● **Task statement**
Span requested from the data below: the line with "Rescue operations being" through the line with "A variety of", both included. Give only these lines again, exactly, and leave every picture out.

● **Dataset extract**

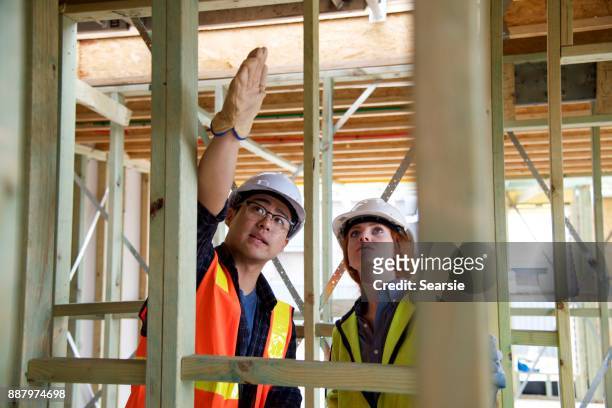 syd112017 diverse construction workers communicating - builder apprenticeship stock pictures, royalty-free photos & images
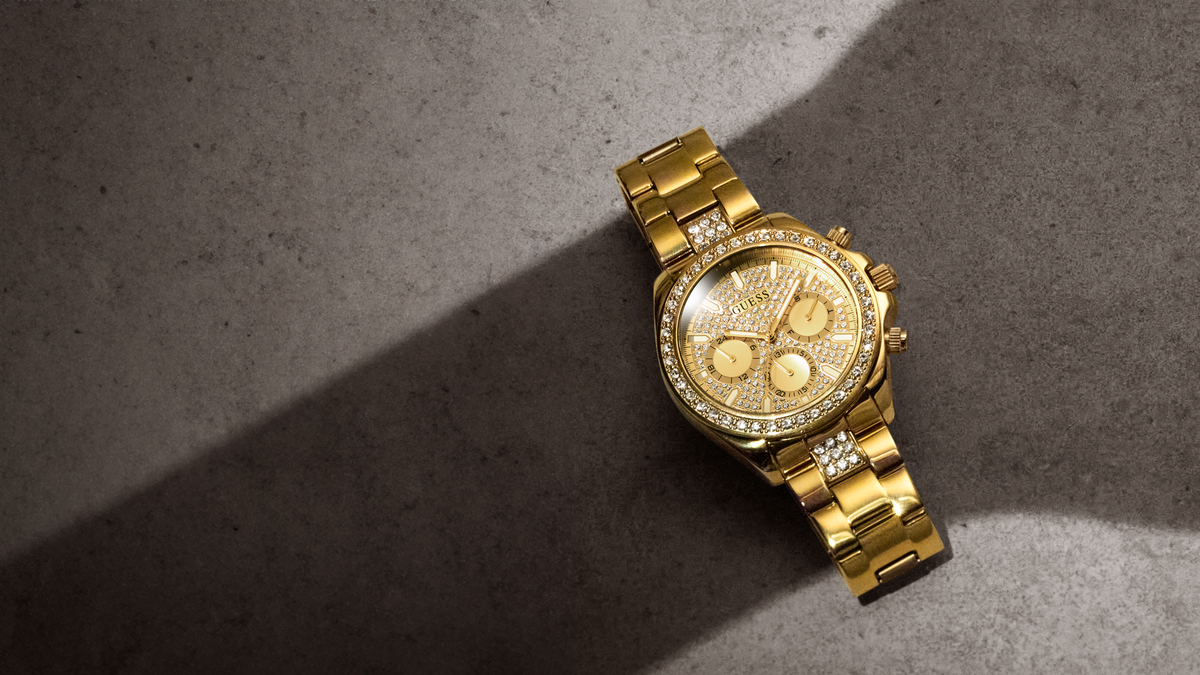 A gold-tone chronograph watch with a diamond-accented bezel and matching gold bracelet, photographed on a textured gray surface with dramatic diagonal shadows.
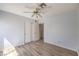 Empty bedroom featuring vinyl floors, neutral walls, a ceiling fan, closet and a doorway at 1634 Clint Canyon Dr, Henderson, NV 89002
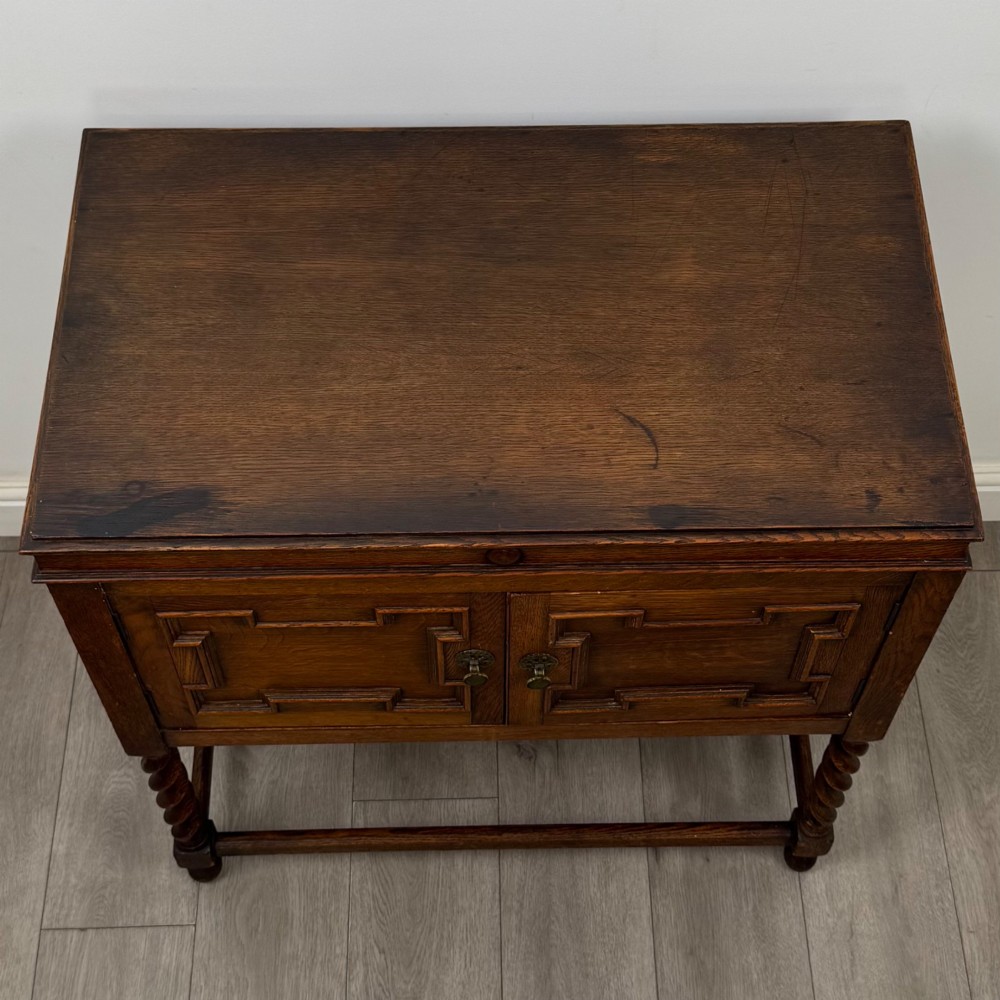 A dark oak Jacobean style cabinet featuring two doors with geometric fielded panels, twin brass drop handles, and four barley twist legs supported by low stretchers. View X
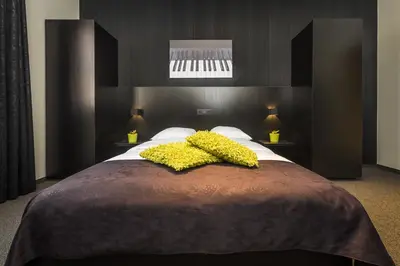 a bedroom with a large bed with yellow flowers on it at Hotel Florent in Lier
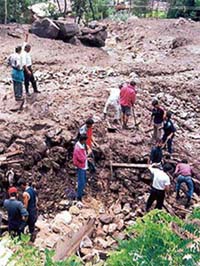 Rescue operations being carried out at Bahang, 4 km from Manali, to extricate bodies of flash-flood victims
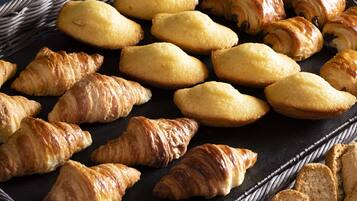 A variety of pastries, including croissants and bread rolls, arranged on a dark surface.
...
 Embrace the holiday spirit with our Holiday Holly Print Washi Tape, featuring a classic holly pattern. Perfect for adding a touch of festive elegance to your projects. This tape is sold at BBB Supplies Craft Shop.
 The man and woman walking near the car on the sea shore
* * *
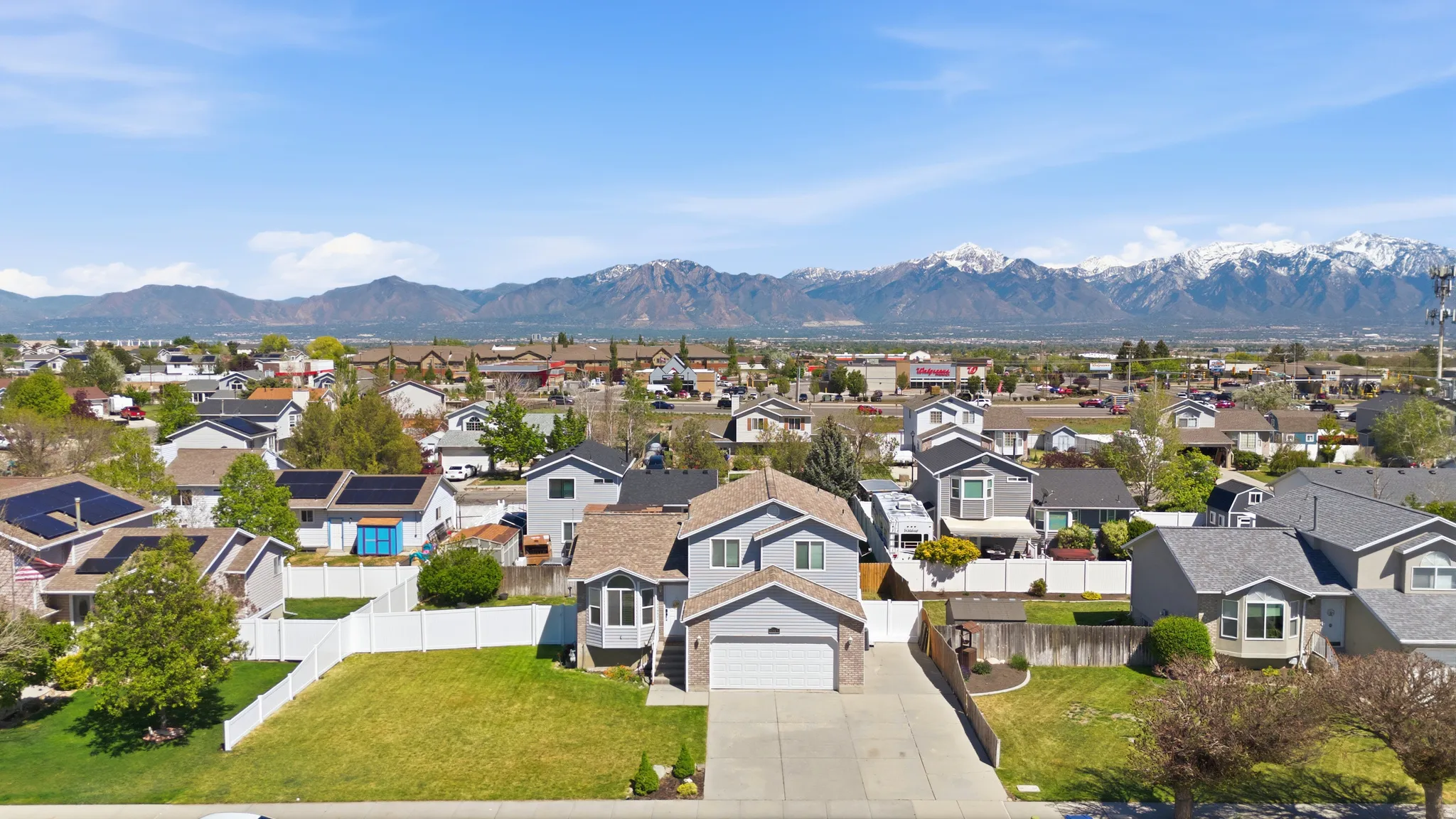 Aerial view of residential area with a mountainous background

● **Solution for this exercise**
 Rescue operations being carried out at Bahang, 4 km from Manali, to extricate bodies of flash-flood victims
 A variety of pastries, including croissants and bread rolls, arranged on a dark surface.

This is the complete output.